Iron Man 2

By now, there is a certain rhythm to the Marvel Cinematic Universe; movies are coming out on such a planned schedule, and they tend to be successes so quickly that their sequels are practically confirmed before opening weekend. And if the MCU is doing anything it is proving that maybe it’s not impossible to have a sequel that’s as good as or even better than, the original. Or perhaps more importantly, that when you look as movies not as true sequels but as the next “issue” in a comic book series, some of the pressure comes off, and you can focus on telling good stories that move the entire universe along. That certainly seems to have been the case with Iron Man 2.

As the story begins, life is getting a whole lot more complicated for Tony Stark, who has revealed himself to be Iron Man. Russian techno-criminal Ivan Vanko builds an arc reactor of his own and some electro-whips to attack Stark in public, in part to get back at him for a pretty big falling out between Vanko’s father and Stark’s own father, Howard. Meanwhile, Stark’s arc reactor is giving him palladium poisoning, and Stark’s pretty sure he’s not going to live. Add to that, rival arms maker Justin Hammer makes his move to outdo Stark in the armored suit business, much to the glee of the U.S. Government, which really doesn’t like the idea that a private citizen with more power than the military is calling his own shots. It all adds up to a combination of stresses that cracks Tony’s cool exterior and reveals a flawed, scared man underneath who realizes that his armor might make him powerful, but his power comes from his own ingenuity and courage.

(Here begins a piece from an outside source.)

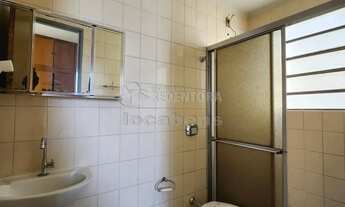 Imagem 6: Higienópolis - Apartamento com 3 dormitórios e 2 banheiros, garagem coberta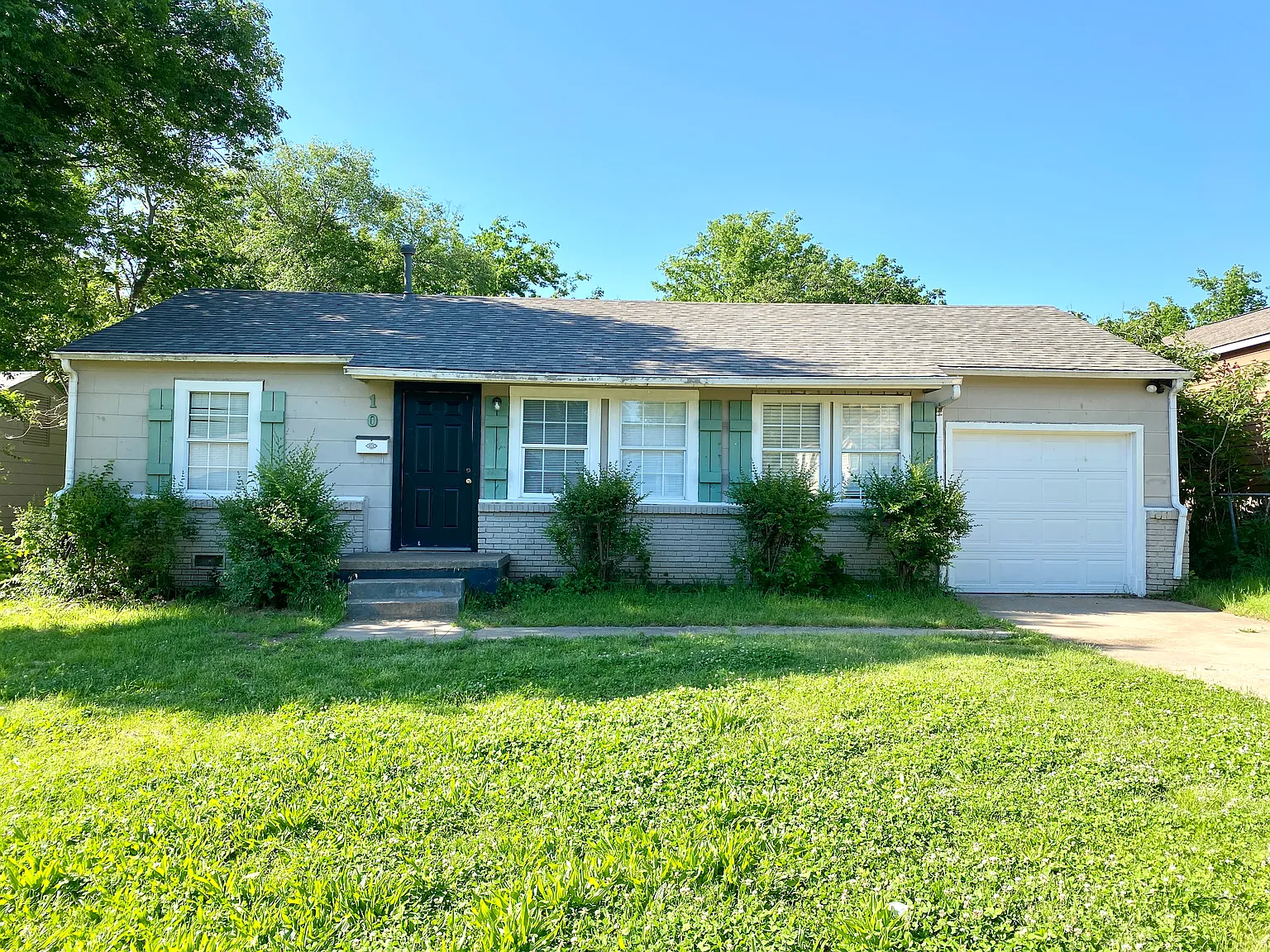 3 bed, 864 sqft, $1,190 — Photo 1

Iron Man 2 is an interesting chapter in the MCU, as it’s when we finally start seeing the first real efforts to lay down the building blocks for what would lead up to the meta-movie event of the decade: The Avengers. But first, each component hero needs a standalone story, and Iron Man 2 seems to be Iron Man’s. Now that we know who Iron Man is, we need to see how he might fit into a world of other superheroes with whom he must work. One of the movie’s high points is the introduction of Natasha Romanoff, a.k.a. the Black Widow, a SHIELD super-agent who will become an Avenger herself, and who is the strongest evidence yet that this Marvel world-building exercise is actually happening. She also steals the show with an outstanding fight sequence during the movie’s finale that is Exhibit A for why the phrase “you hit like a girl” should be considered a compliment.

Iron Man 2 is also the movie that gave us the first really meaningful post-credits scene—that device which has helped to define Marvel movies in general nowadays—with a teaser shot of Thor’s hammer, to announce what is coming next. Oh, yeah.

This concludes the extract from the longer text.